Necrobiosis lipoidica (NL) is a rare, non-infectious granulomatous skin disease of uncertain pathogenesis. Various epidemiological, pathological and therapeutic observations have been made, but with no absolute conclusions regarding precise pathogenesis pathways or correlation between process and presentation. This paper seeks to explore the current understanding and treatment options for NL while also exploring another treatment option, compression therapy. NL management remains a contentious topic, with anti-inflammatory pharmaceutical options generally regarded as the first-line, but with inconclusive evidence and variable effectiveness. Compression therapy has occasionally been used as an adjunct together with pharmaceutical options; however, it has not been used as the sole primary intervention. This review aims to expand the repertoire of treatment modalities with non-pharmacological management for which there are minimal side effects and is generally very well tolerated.

Clinical presentation

NL is characterised by well-demarcated plaques ranging from yellow to red or brown in colour with associated erythema (Figure 1) and a propensity to ulcerate (Figure 2), quoted in up to 30% of cases¹. Its distribution is typically seen in the lower limbs bilaterally; however, there have been reports of histologically confirmed NL in other parts of the body including the abdomen, scalp, genitals, face and upper limbs. The lesions tend to begin spontaneously as small, asymptomatic red or violet papules that erode over the course of months to years and may eventually break down into the classical plaque appearance, with or without ulceration. It is predominantly an aesthetic issue but may be associated with pain and pruritus. Ulceration is not uncommon, particularly after a traumatic trigger, which increases the risk of developing an infection. There have also been links with NL and an increased risk of squamous cell carcinoma², although it is unclear if this is associated with the chronic inflammatory response or a sequelae of NL independently. These lesions persist for years if left untreated but typically remain confined to the region of onset and do not progressively spread.

 

Figure 1. An example of NL’s characteristic well-demarcated red or brown plaques

Figure 2. An example of NL’s propensity to ulcerate

Epidemiology

There is an historical association with diabetes mellitus (DM), but even that is disputed. Studies on patients with NL quote between a 11–62% association with a confirmed diagnosis of DM, and potentially even greater figures when considering patients with impaired glucose tolerance^3,4. Indeed, when first identified and named by Oppenheim and Urbach in 1929–1932, it was dubbed necrobiosis lipoidica diabeticorum⁵. However, epidemiological studies have since identified that there are cases of NL without any indication of DM or impaired glucose tolerance, and absolute figures of rates of NL in DM are low, from 0.3% to up to 2%^3,4. It is noted that Type 1 DM has been associated with greater rates of NL; however, glucose control itself does not seem to correlate with disease progression⁷.

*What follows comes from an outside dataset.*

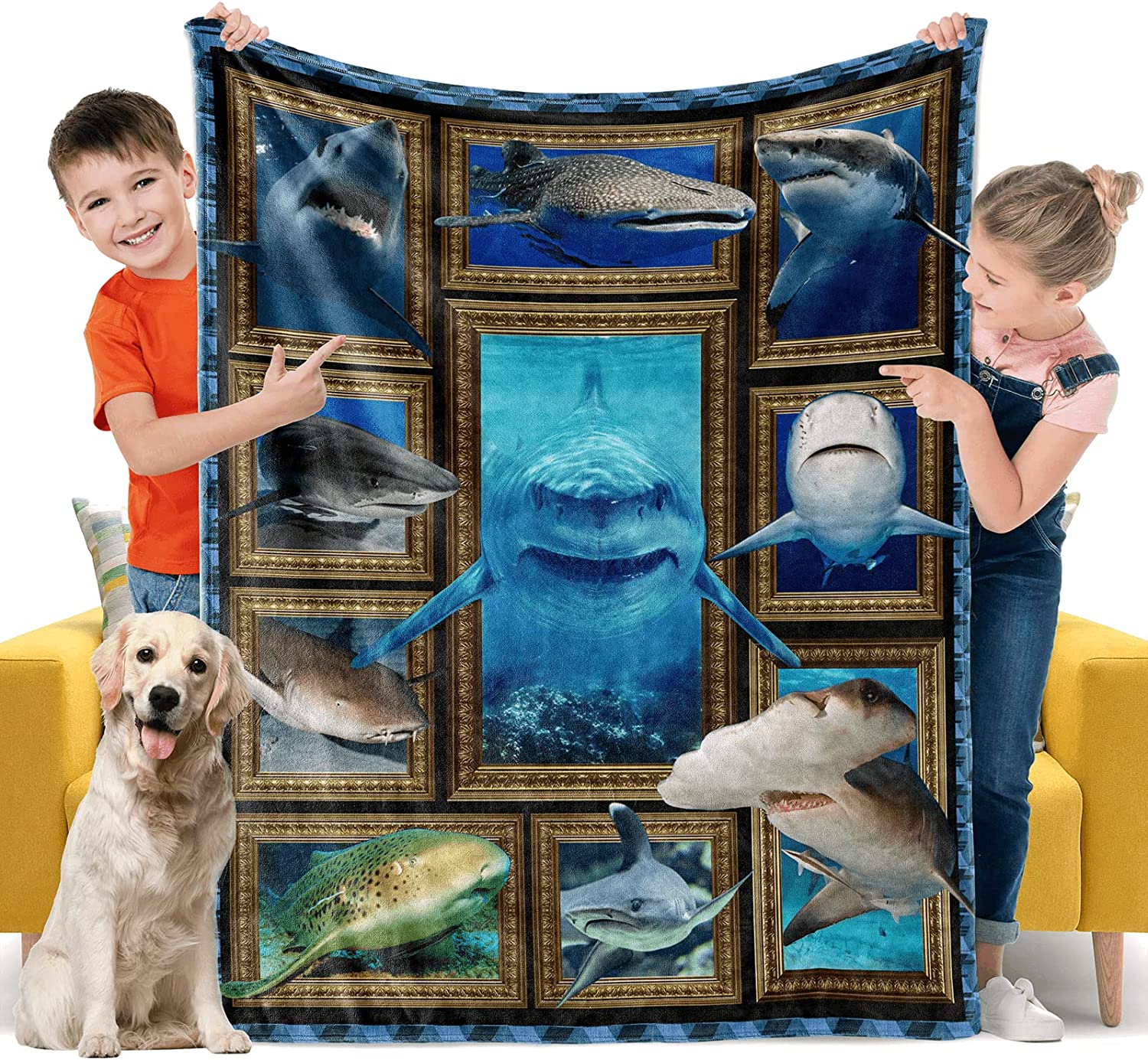 Shark Gifts Blanket for Kids, Soft Cozy Warm Flannel Throw Blanket for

Other epidemiological observations include higher prevalence in females compared to males, with up to a 5:1 distribution⁷, although previous estimates demonstrate a 3:1 distribution⁸. The typical age of onset is between 30–40 years of age, but extreme variations such as presence at birth have also been reported. Other risk factor associations that have been identified include obesity, hypertension, dyslipidaemia and smoking^9,10.

Pathological processes

NL may resemble multiple other granulomatous skin diseases, including granuloma annulare, erythema nodosum or the even rarer necrobiotic xanthogranuloma^4,11. While diagnosis can be made clinically, confirmed diagnosis requires histopathology, often, but not always, demonstrating features of blood vessel wall thickening, collagen and fibrin abnormalities and granulomatous inflammation with multinucleated giant cells.

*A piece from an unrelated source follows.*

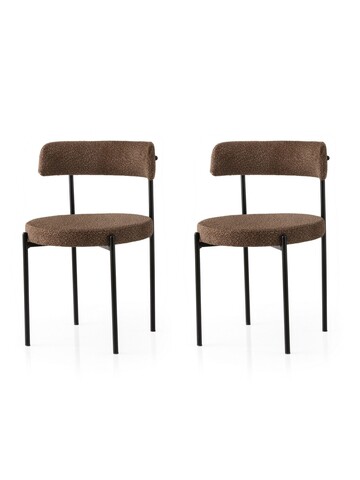 Set scaune 2 piese, Nmobb, Gını, Negru/Maro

Vasculitic and inflammatory changes

Whilst there is no widely accepted pathogenesis pathway for NL, it is generally agreed that vascular changes and microangiopathy plays a part^4,12. Features of vasculopathy such as inflammation and thickening of vessel walls, as well as immune complex deposition within vessels, have been identified on histological and immunofluorescence examination^12,13. Common theories include glycoprotein deposition as seen in many complications associated with DM; indeed, it has been positively identified in patients with NL⁹, yet this does not account for all cases. The rates of microvascular complications of diabetes such as diabetic nephropathy or retinopathy in patients with NL are not outside the expected range in the general diabetic population⁷, suggesting that this follows a diabetic pathogenesis pathway. Other features such as immunoglobulins and complement factors in the vessel wall have also been identified, suggesting other aetiology paralleling autoimmune vasculitidies^9,13. Indeed, vascular endothelial growth factor (VEGF) has been demonstrated to be involved in the pathogenesis of NL¹⁴. VEGF promotes proliferation of endothelial cells, which in excess is an observed phenomenon of microangiopathy¹⁴. Thus, while microangiopathy is clearly observed in cases of NL, the precise pathogenesis remains unclear and multiple postulations currently circulate in the literature.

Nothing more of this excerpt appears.